_TASK DESCRIPTION_. Below are entries; repeat exactly, and nothing else, the lines from the one holding "BMW 5-Series 520d" through the one holding "Dieciocho alumnos estadounidenses", inclusive. Leave the pictures out.

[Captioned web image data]
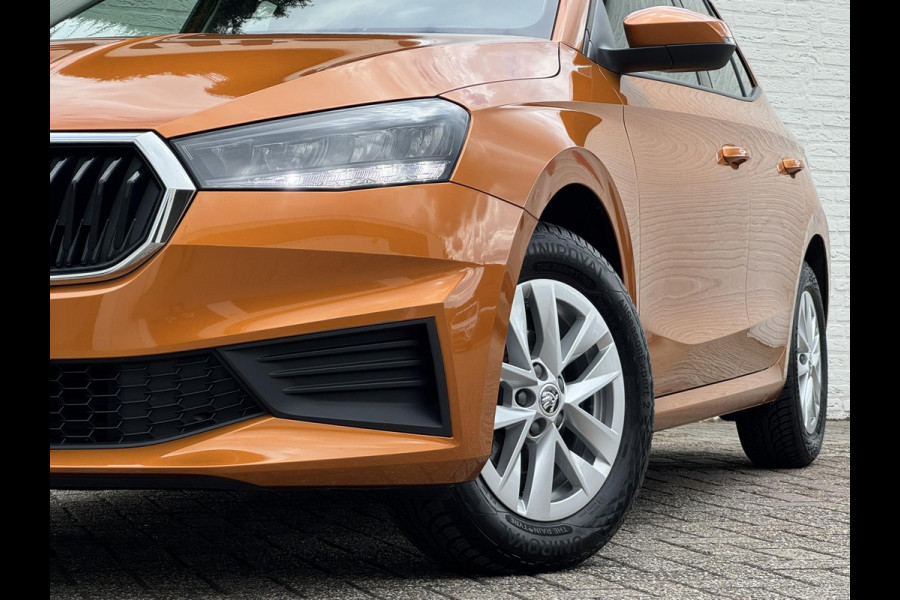 Škoda Fabia 1.0 TSI Ambition Clima Carplay Adaptive cruise Navigatie Pdc DAB radio
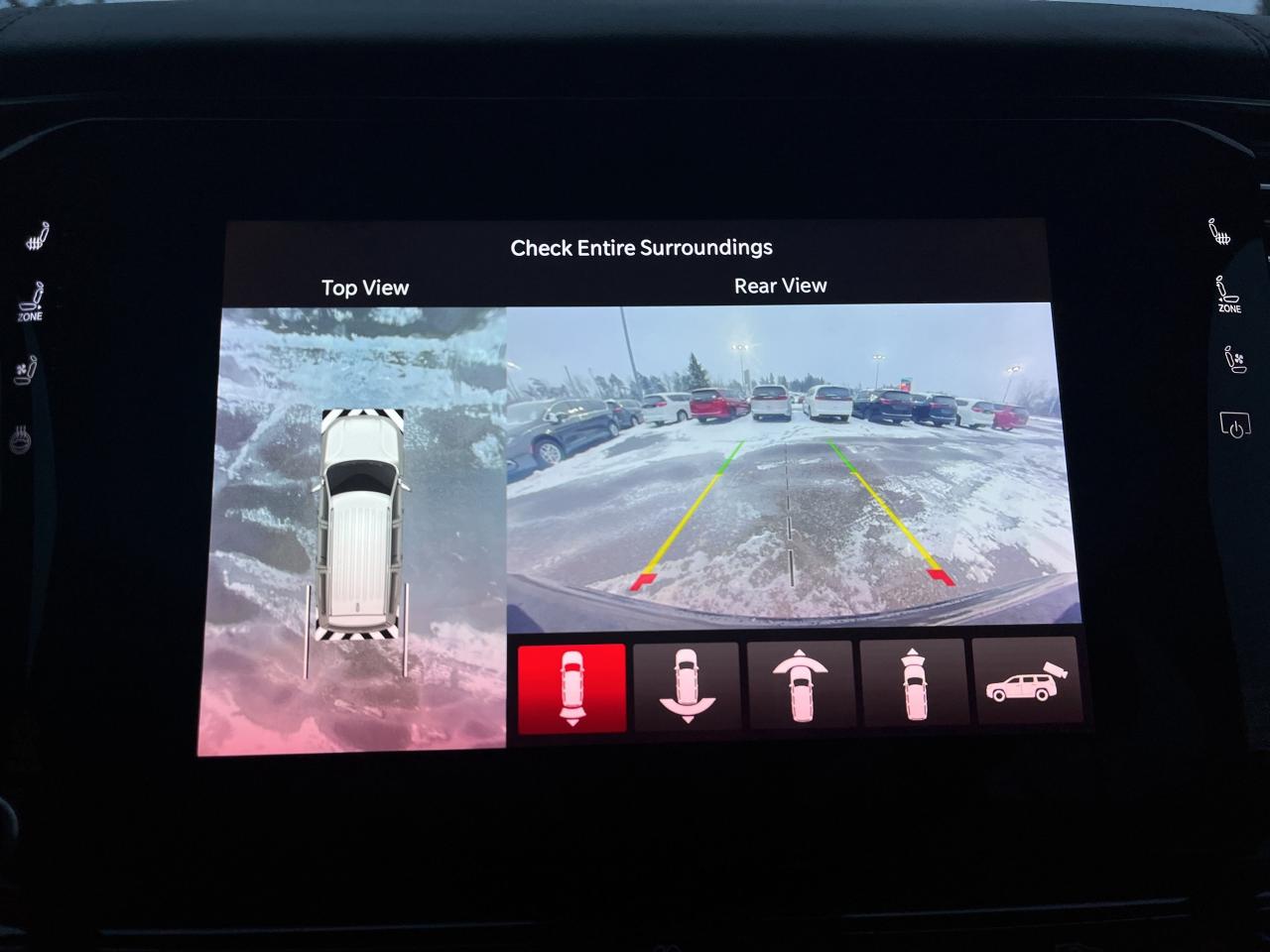 2023 Jeep Wagoneer Series III - Nav - Adaptive Cruise Photo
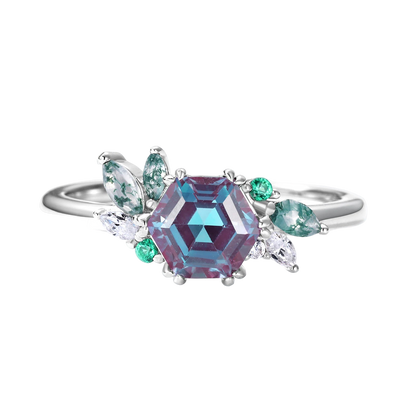 🌿 Eternal Bloom Ring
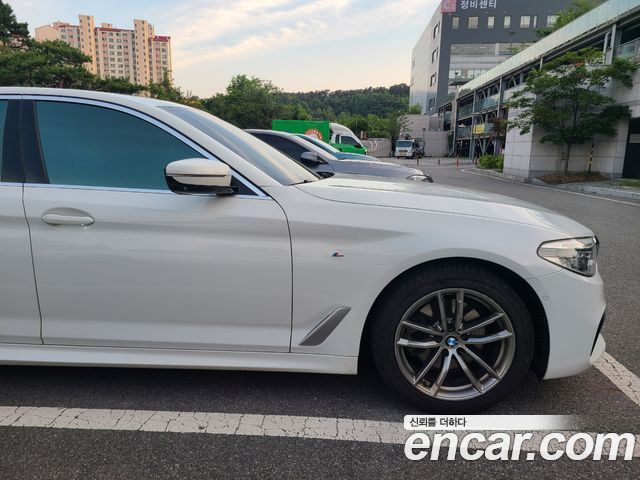 BMW 5-Series 520d xDrive M Sport Package Plus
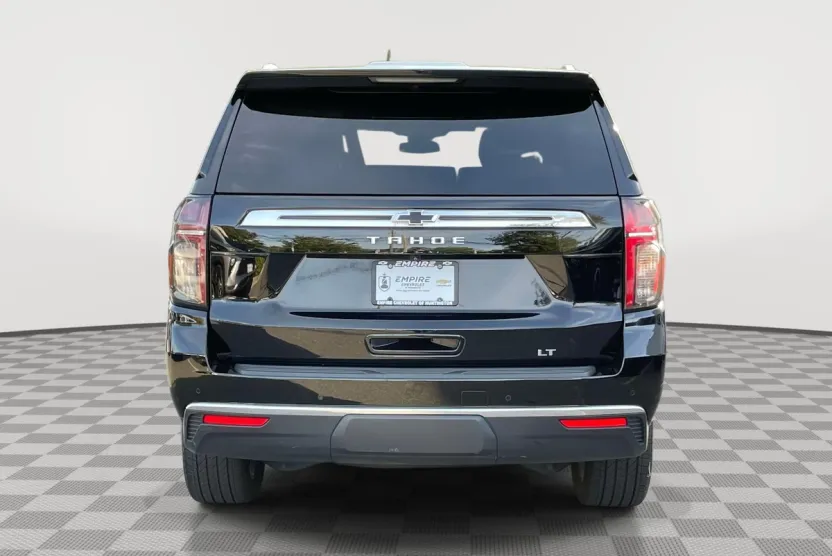 2023 Chevrolet Tahoe LT photo 1
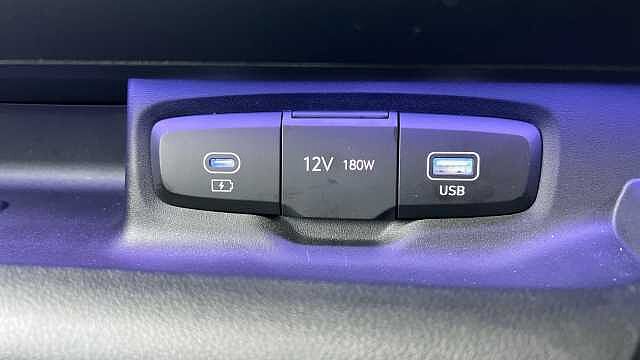 Hyundai INSTER INSTER 85kW 02 49kWh 5dr Auto Natural Ivory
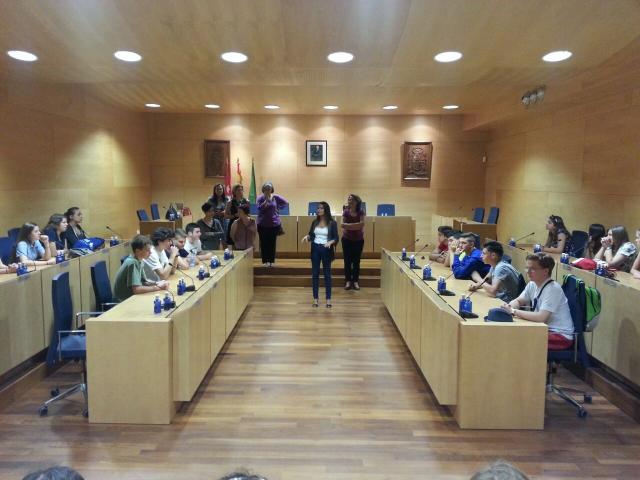 Dieciocho alumnos estadounidenses de intercambio con el IES Ventura Rodríguez visitan el Ayuntamiento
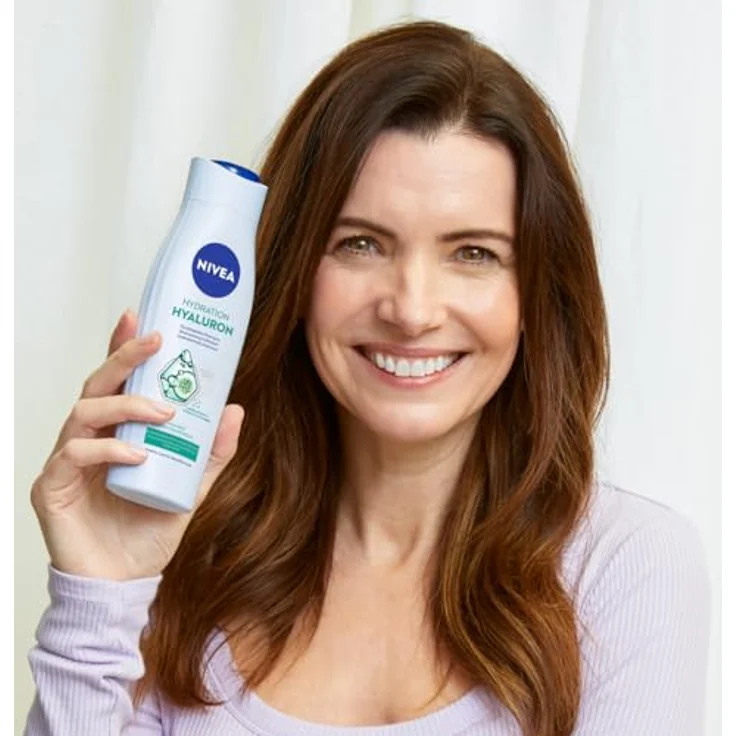 NIVEA Hydration Hyaluron Feuchtigkeits-Shampoo, Haarpflege für trockenes Haar mit Hyaluron, veganes Haarshampoo ohne Silikone für natürlichen Glanz (250 ml) – Bild 5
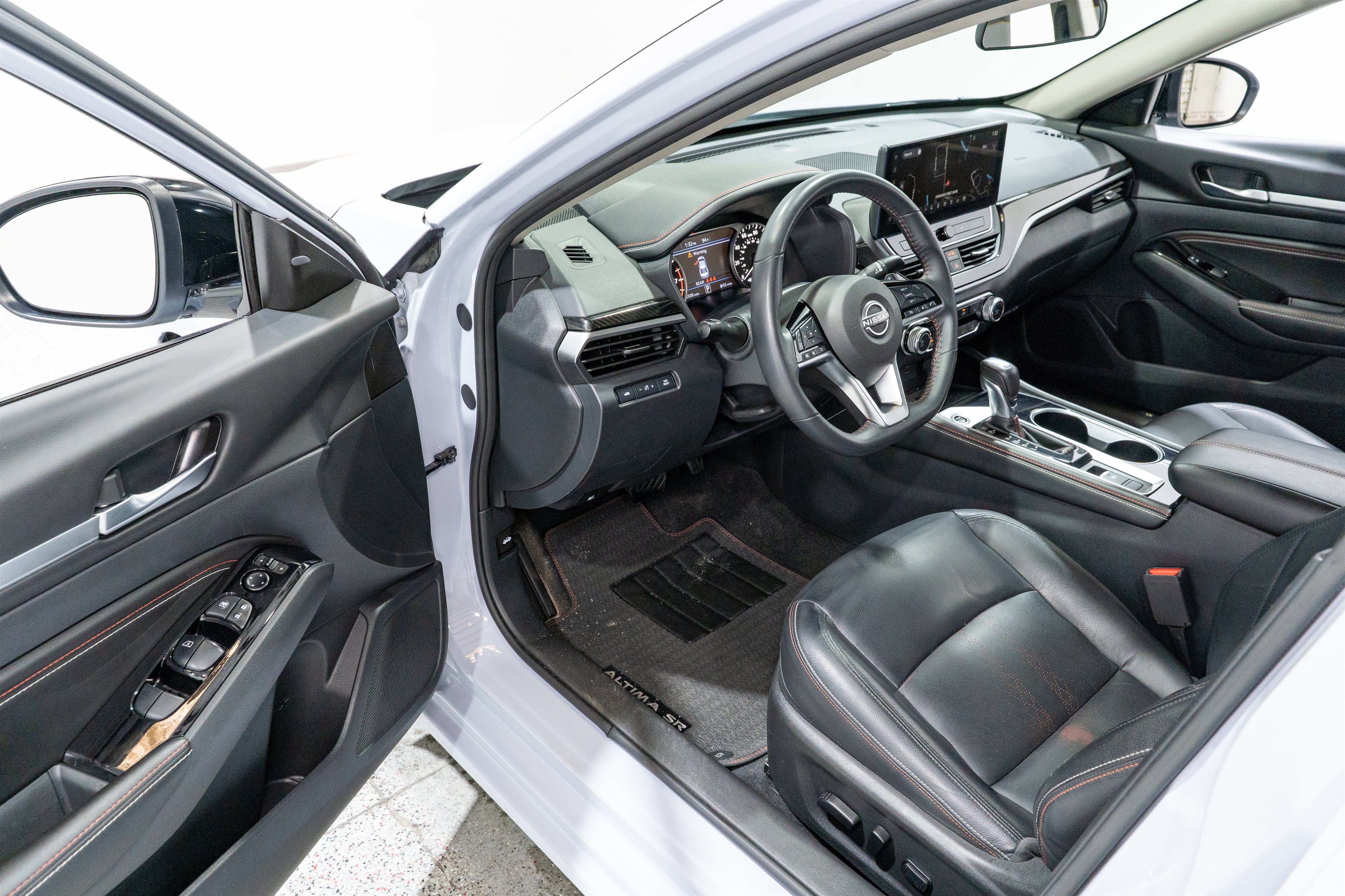 Used 2023 Nissan Altima 2.5 SR w/ SR Premium Package AWD/4WD image 12
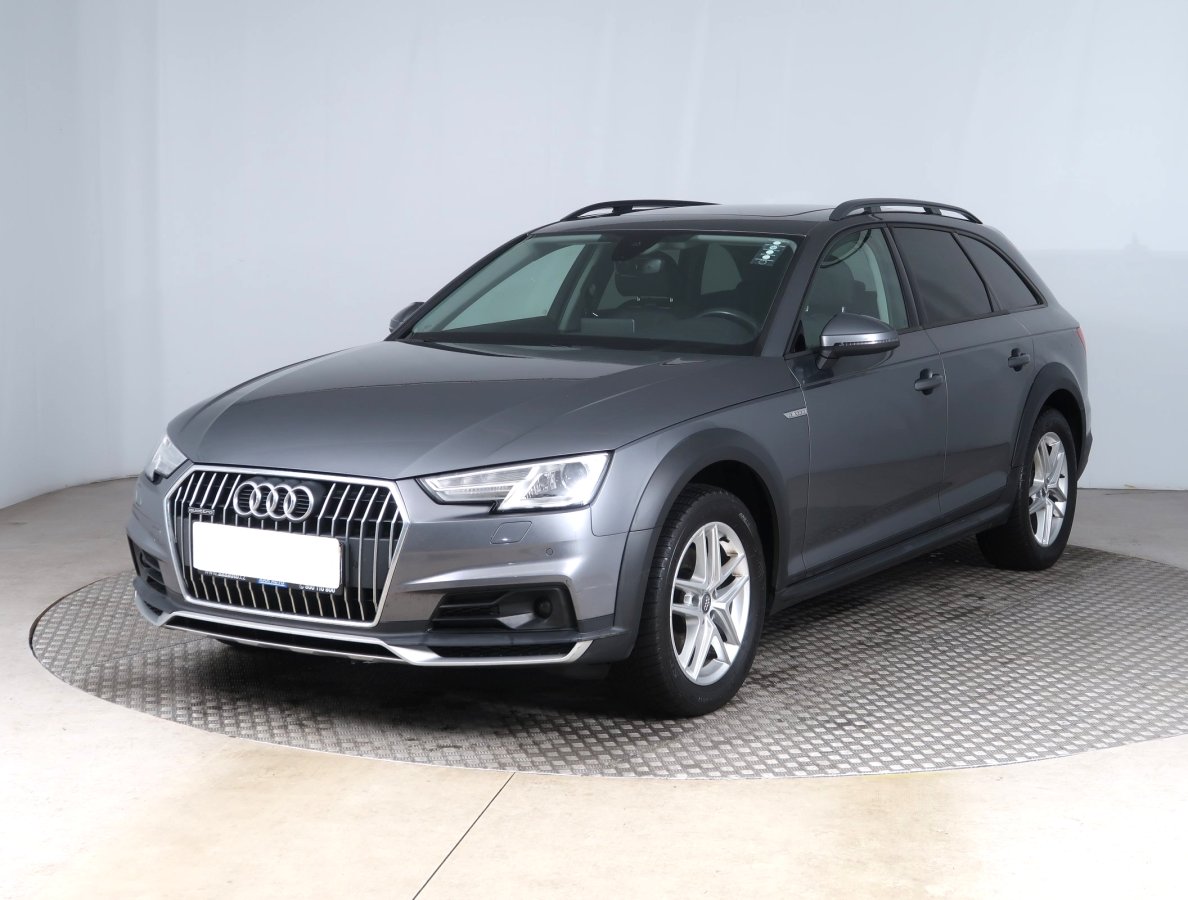 Audi A4 Allroad, 2018 - pohled č. 3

_WRITTEN RESPONSE_.
 BMW 5-Series 520d xDrive M Sport Package Plus
 2023 Chevrolet Tahoe LT photo 1
 Hyundai INSTER INSTER 85kW 02 49kWh 5dr Auto Natural Ivory
 Dieciocho alumnos estadounidenses de intercambio con el IES Ventura Rodríguez visitan el Ayuntamiento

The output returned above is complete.